Adossez-vous et posez vos pieds sur un tabouret. Tenez le biberon
incliné pour garder le goulot plein de lait et pour éviter
que le bébé avale de l’air. Variez les positions
d’un boire à l’autre, passant du côté
droit au côté gauche : cela favorisera le développement
de la vision de l’enfant. Il est parfois utile de faire
1 ou 2 pauses pendant le boire, surtout au cours des premiers
mois.
Il n’est pas prudent de laisser votre petit prendre son
biberon tout seul dans son lit. Le temps que vous prendrez à
relaxer en faisant boire votre enfant dans vos bras est un investissement.
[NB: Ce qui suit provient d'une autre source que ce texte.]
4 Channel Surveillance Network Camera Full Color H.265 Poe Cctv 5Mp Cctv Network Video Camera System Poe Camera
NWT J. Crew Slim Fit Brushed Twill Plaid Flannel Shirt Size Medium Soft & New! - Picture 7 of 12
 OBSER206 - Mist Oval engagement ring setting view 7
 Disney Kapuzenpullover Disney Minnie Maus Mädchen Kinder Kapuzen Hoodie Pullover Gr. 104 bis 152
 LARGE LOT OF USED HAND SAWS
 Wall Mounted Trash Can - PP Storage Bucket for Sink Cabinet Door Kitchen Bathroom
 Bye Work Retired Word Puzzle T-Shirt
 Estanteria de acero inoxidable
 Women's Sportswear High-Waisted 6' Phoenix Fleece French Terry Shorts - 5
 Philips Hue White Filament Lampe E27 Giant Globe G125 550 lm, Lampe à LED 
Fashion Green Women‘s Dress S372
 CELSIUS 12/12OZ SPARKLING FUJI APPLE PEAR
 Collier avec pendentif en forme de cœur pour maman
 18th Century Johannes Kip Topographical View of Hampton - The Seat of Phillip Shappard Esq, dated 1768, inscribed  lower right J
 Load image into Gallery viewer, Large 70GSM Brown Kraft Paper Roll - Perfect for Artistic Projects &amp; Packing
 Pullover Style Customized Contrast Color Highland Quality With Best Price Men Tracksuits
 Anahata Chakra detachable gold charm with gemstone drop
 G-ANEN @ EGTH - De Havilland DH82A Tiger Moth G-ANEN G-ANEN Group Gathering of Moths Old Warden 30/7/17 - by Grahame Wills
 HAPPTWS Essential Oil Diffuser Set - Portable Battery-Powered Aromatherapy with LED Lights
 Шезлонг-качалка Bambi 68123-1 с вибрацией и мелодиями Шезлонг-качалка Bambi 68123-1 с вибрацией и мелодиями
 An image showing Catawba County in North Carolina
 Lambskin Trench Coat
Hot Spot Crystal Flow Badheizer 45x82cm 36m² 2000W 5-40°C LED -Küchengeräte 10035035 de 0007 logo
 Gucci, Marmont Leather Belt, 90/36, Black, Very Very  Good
Vous ne tarderez pas à vous en réjouir.
Débit de la tétine
Pour une succion satisfaisante, votre enfant doit boire à
un rythme moyen. Les muscles de son visage doivent fournir un
effort. Lorsque le biberon est renversé, le lait ne s’écoule
que très lentement : il faut un peu plus d’une seconde
pour qu’une goutte tombe de la tétine.
Rot
La plupart des bébés avalent de l’air en
tétant, ce qui est source d’inconfort pour eux. Il
faut donc les aider à s’en libérer.
Le rot est la première chose à tenter quand l’enfant
semble de mauvaise humeur ou se tortille en buvant. Règle
générale, deux rots suffisent : le premier au milieu
du boire, le second à la toute fin.
Cependant, il en faudra peut-être plus au très petit
bébé ou à celui qui boit vite.
Une méthode efficace consiste à appuyer votre bébé
sur votre épaule, en position verticale. Vous lui frottez
doucement le dos ou vous le tapotez délicatement pendant
1 à 3 minutes.
Après le rot, vérifiez si votre bébé
a encore faim, car l’air expulsé prenait peut-être
la place de 30 ml (1 oz) de lait
S’il ne fait pas de rot, n’insistez pas. Certains
bébés n’en font pas. Il s’endort ? Couchez-le.
Il se réveillera peut-être en pleurant pour signaler
son besoin de faire un rot.
Entretien des biberons et des tétines
Une hygiène rigoureuse s’impose. Il est important
de laver soigneusement les biberons, les tétines et les
articles servant à la préparation des boires afin
d’éviter les gastro-entérites et le développement
de champignons dans la bouche (voir Muguet dans la bouche).
Immédiatement après le boire, rincez biberon, tétine
et bouchon à l’eau froide. Prenez soin de faire passer
l’eau dans le trou de la tétine pour enlever le surplus
de lait.
Lavez soigneusement le tout à l’eau chaude savonneuse,
en vous servant des brosses à tétine et biberon.
Rincez à l’eau bouillante. Laissez égoutter
et recouvrez. Vous pouvez utiliser
le lave-vaisselle, mais certains fabricants recommandent de ne
pas y mettre les tétines.
Ne faites pas bouillir les tétines de façon régulière,
car le caoutchouc s’abîmerait. Inspectez-les fréquemment
Elles se détériorent avec le temps en raison de
la succion, de la chaleur, du contact avec le lait et de l’exposition
à la lumière du soleil. Remplacez les tétines
avant qu’elles ne deviennent collantes et pâteuses.
Jetez-les immédiatement si elles sont trouées, se
déchirent ou changent de texture.
Si vous portez attention à la propreté des tétines
et des biberons, vous n’aurez pas besoin de les stériliser.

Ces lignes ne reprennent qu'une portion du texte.